My ninth birthday celebration was memorable. It must be memorable because I remember it like it was yesterday. We drove into New York City from our Long Island home. (We, by the way, included my parents, my brother and my sister).
Back in 1970, Radio City Music Hall would premier a new movie and, before it began a dance troupe named the Rockettes would entertain the audience. For almost a century, the Rockettes have been American icons. They have appeared at Radio City Music Hall in hundreds of stage spectaculars, and have participated in many historic and memorable events. To me, they were these unbelievably beautiful women who did everything in unison.
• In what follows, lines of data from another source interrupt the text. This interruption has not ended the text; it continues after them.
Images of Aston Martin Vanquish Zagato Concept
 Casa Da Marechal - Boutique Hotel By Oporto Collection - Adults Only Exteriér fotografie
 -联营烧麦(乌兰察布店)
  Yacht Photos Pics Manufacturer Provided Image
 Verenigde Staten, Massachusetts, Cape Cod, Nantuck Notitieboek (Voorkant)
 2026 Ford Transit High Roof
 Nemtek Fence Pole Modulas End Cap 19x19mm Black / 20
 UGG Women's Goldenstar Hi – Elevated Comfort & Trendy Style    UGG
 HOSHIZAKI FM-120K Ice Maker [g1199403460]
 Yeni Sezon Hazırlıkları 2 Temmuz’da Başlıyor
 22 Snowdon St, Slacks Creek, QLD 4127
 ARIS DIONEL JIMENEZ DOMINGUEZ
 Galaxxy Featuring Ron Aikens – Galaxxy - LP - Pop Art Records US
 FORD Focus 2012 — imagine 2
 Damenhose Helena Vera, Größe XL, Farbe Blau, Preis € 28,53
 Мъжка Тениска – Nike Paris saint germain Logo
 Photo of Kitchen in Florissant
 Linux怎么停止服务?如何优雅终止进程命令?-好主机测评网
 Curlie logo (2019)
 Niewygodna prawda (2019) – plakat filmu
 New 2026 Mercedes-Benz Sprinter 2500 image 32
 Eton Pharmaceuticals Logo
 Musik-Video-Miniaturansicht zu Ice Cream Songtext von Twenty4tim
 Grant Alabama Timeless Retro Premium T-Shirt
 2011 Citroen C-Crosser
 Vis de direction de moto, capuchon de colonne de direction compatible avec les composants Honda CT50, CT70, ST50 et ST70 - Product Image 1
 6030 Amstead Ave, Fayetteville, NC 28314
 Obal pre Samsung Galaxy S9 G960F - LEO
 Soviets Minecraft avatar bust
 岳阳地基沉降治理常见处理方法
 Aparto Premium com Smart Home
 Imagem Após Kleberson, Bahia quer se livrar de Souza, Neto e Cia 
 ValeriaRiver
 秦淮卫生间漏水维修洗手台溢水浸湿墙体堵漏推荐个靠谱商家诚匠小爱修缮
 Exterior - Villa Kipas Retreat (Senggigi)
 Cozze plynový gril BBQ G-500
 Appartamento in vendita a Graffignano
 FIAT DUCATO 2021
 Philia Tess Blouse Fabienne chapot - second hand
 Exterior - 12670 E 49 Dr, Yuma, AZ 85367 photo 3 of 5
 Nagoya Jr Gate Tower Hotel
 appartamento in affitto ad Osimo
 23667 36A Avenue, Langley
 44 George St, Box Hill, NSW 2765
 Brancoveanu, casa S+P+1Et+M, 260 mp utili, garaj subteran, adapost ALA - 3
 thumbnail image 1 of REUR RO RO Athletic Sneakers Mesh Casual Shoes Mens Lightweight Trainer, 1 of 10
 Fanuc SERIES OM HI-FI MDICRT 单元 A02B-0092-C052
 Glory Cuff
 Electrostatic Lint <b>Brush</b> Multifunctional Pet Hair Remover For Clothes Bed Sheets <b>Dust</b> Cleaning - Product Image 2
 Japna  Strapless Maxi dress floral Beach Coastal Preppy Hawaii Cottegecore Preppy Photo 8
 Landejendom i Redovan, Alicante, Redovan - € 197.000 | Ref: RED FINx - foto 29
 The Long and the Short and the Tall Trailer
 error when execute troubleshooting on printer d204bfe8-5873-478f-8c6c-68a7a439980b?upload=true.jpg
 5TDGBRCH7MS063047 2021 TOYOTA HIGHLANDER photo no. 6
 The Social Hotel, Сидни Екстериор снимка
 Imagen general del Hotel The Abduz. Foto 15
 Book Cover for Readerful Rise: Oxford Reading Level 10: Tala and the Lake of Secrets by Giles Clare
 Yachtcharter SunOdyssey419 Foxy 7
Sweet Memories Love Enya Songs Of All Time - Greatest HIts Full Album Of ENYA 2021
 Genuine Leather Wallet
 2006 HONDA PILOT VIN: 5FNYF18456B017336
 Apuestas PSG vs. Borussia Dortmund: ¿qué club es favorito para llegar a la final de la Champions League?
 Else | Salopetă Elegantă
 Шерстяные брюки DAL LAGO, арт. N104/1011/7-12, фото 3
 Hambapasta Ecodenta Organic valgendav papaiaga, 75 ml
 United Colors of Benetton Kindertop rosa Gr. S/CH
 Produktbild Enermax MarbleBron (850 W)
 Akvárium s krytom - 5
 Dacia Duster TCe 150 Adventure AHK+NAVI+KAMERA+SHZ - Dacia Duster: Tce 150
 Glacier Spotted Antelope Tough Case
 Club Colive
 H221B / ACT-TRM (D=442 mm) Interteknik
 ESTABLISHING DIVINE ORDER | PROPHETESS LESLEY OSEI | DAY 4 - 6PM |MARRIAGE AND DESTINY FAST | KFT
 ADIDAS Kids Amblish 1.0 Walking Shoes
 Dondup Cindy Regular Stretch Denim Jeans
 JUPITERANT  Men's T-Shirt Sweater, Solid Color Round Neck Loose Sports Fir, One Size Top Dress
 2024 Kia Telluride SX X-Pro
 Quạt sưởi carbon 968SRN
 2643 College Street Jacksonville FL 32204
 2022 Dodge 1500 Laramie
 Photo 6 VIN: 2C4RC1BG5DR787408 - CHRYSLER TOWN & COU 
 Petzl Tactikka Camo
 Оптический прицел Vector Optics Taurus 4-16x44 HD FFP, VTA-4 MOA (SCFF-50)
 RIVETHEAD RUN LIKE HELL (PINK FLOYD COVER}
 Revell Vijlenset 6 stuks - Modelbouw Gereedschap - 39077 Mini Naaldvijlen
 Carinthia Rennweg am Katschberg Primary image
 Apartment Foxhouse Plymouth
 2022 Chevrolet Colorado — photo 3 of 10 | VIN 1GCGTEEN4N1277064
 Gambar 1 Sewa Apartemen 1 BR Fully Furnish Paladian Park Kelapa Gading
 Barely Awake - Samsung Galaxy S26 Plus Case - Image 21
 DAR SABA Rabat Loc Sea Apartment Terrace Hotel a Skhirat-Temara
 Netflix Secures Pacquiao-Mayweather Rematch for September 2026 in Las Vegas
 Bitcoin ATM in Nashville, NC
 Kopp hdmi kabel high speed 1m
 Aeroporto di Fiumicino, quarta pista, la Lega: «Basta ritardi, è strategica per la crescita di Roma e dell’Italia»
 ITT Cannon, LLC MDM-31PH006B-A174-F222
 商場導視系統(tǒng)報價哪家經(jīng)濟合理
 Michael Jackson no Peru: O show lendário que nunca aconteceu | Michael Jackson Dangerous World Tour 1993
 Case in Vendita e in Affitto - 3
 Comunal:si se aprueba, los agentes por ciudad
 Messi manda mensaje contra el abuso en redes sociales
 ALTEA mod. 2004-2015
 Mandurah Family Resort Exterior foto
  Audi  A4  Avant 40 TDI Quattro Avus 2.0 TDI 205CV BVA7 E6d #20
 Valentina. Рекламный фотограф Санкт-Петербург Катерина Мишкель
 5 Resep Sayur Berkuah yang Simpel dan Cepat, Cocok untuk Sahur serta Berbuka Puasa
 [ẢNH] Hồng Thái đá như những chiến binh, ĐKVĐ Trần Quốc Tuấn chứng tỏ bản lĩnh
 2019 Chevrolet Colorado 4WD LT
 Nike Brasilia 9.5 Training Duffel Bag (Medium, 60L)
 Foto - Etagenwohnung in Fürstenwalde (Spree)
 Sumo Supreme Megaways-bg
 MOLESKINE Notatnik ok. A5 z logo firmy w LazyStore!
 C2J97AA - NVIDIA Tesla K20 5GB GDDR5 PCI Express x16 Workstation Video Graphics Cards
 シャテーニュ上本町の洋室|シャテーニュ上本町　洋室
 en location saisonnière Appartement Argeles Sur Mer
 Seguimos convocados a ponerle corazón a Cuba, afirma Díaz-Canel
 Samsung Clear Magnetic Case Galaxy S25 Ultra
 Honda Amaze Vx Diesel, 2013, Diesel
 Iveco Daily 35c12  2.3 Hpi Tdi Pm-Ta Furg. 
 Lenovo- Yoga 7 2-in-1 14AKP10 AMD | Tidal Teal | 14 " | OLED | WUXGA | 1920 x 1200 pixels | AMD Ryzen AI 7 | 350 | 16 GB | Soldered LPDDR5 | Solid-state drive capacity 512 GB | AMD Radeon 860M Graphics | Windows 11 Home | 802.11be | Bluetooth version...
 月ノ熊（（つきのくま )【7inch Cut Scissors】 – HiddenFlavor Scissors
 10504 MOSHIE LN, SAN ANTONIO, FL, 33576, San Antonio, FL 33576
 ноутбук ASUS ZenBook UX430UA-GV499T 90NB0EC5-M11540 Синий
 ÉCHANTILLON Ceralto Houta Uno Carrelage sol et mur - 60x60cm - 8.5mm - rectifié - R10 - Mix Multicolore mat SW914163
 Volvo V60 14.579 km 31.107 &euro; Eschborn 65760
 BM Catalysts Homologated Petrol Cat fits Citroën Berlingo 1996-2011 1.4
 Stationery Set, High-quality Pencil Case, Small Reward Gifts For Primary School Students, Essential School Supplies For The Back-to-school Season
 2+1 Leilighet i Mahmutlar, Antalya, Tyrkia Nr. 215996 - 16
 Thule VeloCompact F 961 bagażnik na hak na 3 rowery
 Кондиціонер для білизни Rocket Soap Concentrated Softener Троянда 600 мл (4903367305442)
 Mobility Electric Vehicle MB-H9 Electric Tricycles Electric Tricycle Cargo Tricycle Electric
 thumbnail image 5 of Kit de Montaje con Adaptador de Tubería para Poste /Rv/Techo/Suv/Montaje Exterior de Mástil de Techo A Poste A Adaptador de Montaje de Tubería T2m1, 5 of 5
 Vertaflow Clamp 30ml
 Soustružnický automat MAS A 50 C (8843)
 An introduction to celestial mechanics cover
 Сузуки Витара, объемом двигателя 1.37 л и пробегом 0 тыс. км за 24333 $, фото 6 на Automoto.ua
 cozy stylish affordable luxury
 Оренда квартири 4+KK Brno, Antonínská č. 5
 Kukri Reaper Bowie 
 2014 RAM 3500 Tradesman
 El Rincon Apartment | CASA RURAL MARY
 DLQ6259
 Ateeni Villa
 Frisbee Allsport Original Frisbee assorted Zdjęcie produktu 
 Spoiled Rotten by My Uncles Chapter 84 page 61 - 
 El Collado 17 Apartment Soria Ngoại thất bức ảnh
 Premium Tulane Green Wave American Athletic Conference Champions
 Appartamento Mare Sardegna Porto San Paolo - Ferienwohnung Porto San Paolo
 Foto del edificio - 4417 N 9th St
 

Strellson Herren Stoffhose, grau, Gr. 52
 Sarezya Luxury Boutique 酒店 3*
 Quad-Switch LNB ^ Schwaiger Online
When the Rockettes were finished and the orchestra went silent, the theater went dark and the movie began. The stage was now empty and the screen was terribly large. The movie was called Cactus Flower. The only thing I knew was that it featured Goldie Hawn, the silly dancer from Rowan and Martin’s Laugh-In.
After the movie, we walked to the General Motors Building and had dinner at a table in the shape of a racing car. It was fun and, as I said, memorable but the highlight was when we arrived home. My parents gave me my present, a tape recorder. With no idea what to do with my new gift, I turned it on and recorded side one and side two of the album, John Barleycorn Must Die. I didn’t own the album, my brother did. His bedroom was the other side of the thin wall in my bedroom and whatever music he played, I heard perfectly.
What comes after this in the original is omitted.